Che cosa vogliono i Repubblicani che stanno negando il voto a McCarthy? Intanto una netta riduzione del potere dello Speaker e poi, sostanzialmente, altre tre cose.
La prima, e di gran lunga la più importante, è che il nuovo speaker della Camera non sia un prodotto di quell’establishment nel quale intravedono l’origine di buona parte dei problemi del Paese. Sotto questo punto di vista, McCarthy con i suoi sedici anni di esperienza washingtoniana e una più che evidente propensione al negoziato e al compromesso, tanto da aver già accondisceso a molte delle richieste sollevate dai suoi oppositori, rappresenta un qualcosa d’inaccettabile, vale a dire un professionista della grande politica al quale non si può davvero concedere la propria fiducia.
La seconda, in linea con quanto sostenuto caparbiamente durante l’ultima stagione elettorale da buona parte degli ambienti più conservatori del Paese, è che il nuovo speaker della Camera renda completamente disponibili al pubblico, riversandoli liberamente nel web, tutti i documenti, ma proprio tutti, riguardanti gli eventi del 6 gennaio 2021 e non solo quelli resi disponibili dal comitato d’inchiesta parlamentare i cui lavori sono di recente terminati.
La terza è che il nuovo leader della Camera istituisca una commissione d’inchiesta, sul modello di quanto fatto alla metà degli anni Settanta per investigare sulle attività della Central Intelligence Agency, per indagare sull’eventuale politicizzazione del Federal Bureau of Investigation e del Department of Justice e quindi sul ruolo sempre eventualmente svolto da questi due organi federali per influenzare l’esito delle tornate elettorali degli ultimi anni.

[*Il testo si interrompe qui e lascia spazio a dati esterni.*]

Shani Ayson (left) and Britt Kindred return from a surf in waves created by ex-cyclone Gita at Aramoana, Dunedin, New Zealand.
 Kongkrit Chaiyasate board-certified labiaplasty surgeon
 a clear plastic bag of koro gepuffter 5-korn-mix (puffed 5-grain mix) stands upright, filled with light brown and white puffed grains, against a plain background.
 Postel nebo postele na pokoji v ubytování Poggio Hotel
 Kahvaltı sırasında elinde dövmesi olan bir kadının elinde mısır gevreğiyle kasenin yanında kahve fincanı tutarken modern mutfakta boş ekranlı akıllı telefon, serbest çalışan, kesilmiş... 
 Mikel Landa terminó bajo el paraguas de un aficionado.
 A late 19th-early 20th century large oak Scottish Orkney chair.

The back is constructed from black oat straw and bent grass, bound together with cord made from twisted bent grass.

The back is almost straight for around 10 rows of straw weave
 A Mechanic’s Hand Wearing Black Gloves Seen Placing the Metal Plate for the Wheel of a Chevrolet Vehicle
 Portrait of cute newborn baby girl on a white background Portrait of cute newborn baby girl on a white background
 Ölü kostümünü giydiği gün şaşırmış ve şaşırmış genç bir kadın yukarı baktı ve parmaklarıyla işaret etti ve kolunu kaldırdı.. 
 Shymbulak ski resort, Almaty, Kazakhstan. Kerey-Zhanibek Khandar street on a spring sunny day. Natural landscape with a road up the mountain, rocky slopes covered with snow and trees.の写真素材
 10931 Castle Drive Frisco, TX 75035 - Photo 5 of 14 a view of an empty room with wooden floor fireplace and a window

Con buona pace delle sue promesse, e paradossalmente anche per via di esse, McCarthy non è visto dai Repubblicani che gli stanno negando il loro voto come l’uomo giusto affinché queste richieste siano esaudite completamente e in tempi veramente rapidi.
A questo punto, oltre che cambiare le regole, passando dalla fin qui necessaria maggioranza assoluta a una prospettata maggioranza relativa, è difficile immaginare cos’altro potrà mai fare McCarthy per realizzare questa sua ambizione, posto che anche la possibilità di una convergenza di voti repubblicani e democratici sul rappresentante repubblicano del Nebraska Fred Upton, uno dei pochi Repubblicani che pur avendo votato a favore dell’impeachment dell’ex presidente repubblicano Donald Trump è ancora al Congresso, sembra aver sortito alcuno effetto sui suoi oppositori. E questo perché, qualsiasi accordo con i Democratici non sarebbe indolore, posto che non potrebbe non costargli concessioni come la presidenza di ben più di una commissione parlamentare.
In definitiva, quello in questi giorni offerto dal Partito Repubblicano è un ammirevole esempio di come funziona una forza politica in una democrazia parlamentare quando non evolve in una più o meno esplicita oligarchia. Sebbene non succedesse più dal 1923, non è certo la prima volta che la dialettica interna a uno dei grandi protagonisti del bipartitismo statunitense richiede molte sessioni di voto per determinare l’identità di uno speaker della Camera che, secondo quanto indicato dalla Costituzione, non deve necessariamente essere un parlamentare, cosa questa che dischiude la possibilità di grandi colpi di scena, quali, tra tutti, anche la candidatura di Donald Trump.